Замалчивание гибели Пушкина – дело рук не только Уварова. 29 января, сразу же после смерти поэта, в «Северной пчеле» (№ 24) напечатана заметка Л. Якубовича. В ней шла речь о том, что Пушкин многое совершил, но еще большего можно было от него ожидать. Бенкендорф делает выговор Гречу за неуместные похвалы. Вообще статей было мало. О дуэли ничего в них не сказано. В «Литературных прибавлениях к Русскому Инвалиду» опубликована короткая заметка в траурной рамке (единственная черная рамка): «Солнце нашей поэзии закатилось, Пушкин скончался в цвете лет, в середине своего великого поприща». Досталось и за заметку, и за рамку. Недовольство Уварова. Разнос Дондуковым Краевского: что за черная рамка, что за солнце, великое поприще?; «Что он был, полководец или министр? Писать стишки – какое это поприще?» (Тыркова 496…). Никитенко приказано вымарать несколько подобных строк, предназначенных для «Библиотеки для чтения».

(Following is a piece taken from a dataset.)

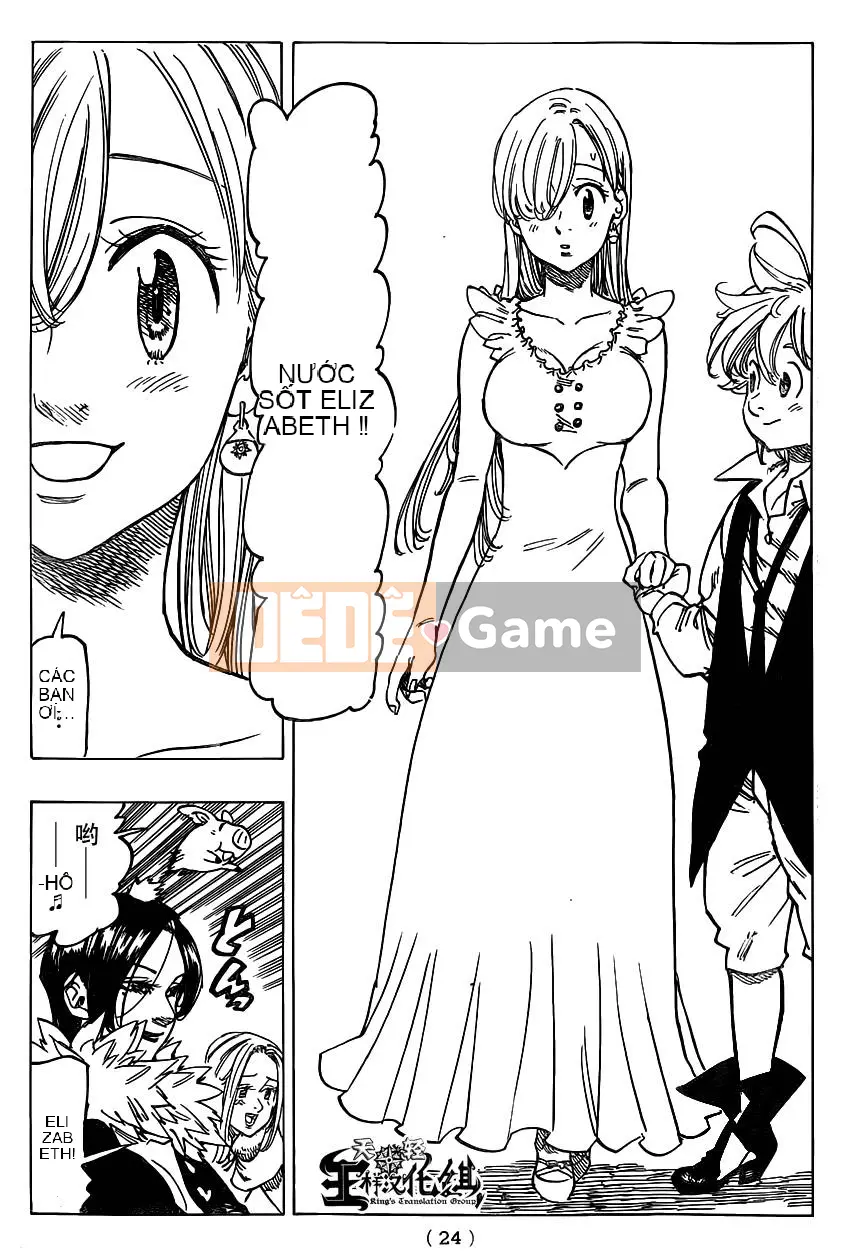 Bảy tội lỗi ban đầu Chương 101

Митрополит (кто?) отказался совершать отпевание. Вынос тела состоялся не утром, а ночью, без факелов. В ночь с 3 на 4 февраля гроб в рогоже отправили в Псков. Впереди мчался жандармский полковник (Ракеев). Позади А. И. Тургенев. Вдогонку послан камергер Яхонтов. Никитенко пишет, что его жена недалеко от столицы случайно встретила гроб с телом Пушкина, что запрещение писать что-либо о поэте продолжается (не только о фактах, но и о слухах) (195-7). По поручению Бенкендорфа Мордвинов извещает псковского губернатора, что везут тело Пушкина и, от имени императора, требует запретить «всякое особенное изъявление, всякую встречу, одним словом, всякую церемонию, кроме того, что обыкновенно используется при погребении тела дворянина».
1 февраля 1837 г. Уваров пишет попечителю Московского учебного округа С. Г. Строганову: по случаю кончины Пушкина без сомнения будут помещены в московских изданиях статьи о нем; «Желательно, чтоб при этом случае как с той, так и с другой стороны соблюдаема была надлежащая умеренность и тон приличия». Уваров просит «приказать цензорам не дозволять печатанья ни одной из означенной выше статей без вашего предварительного одобрения» (498-9).
Бенкендорфа упрекают в том, что он ничего не сделал, чтобы предотвратить дуэль. Письмо к нему Жуковского: «Полиция перешла границы своей бдительности. Из толков, не имеющих между собой никакой связи, она сделала заговор с политической целью и в заговорщики произвела друзей Пушкина…». В данном случае Уваров и Бенкендорф оказываются полными единомышленниками. Не слишком отличался от них император. Позднее кн. Паскевич-Эриванский писал царю: «Жаль Пушкина как литератора, в то время, как талант его созревал, но человек он был дурной». Царь ответил: «Мнение твое о Пушкине я совершенно разделяю»; «в нем оплакивается будущее, а не прошедшее» (525). Бенкендорф опасался беспорядков, чуть ли не восстания (или делал вид, что опасался). Приказ изъять из репертуара «Скупого рыцаря», где Каратыгин играл роль барона.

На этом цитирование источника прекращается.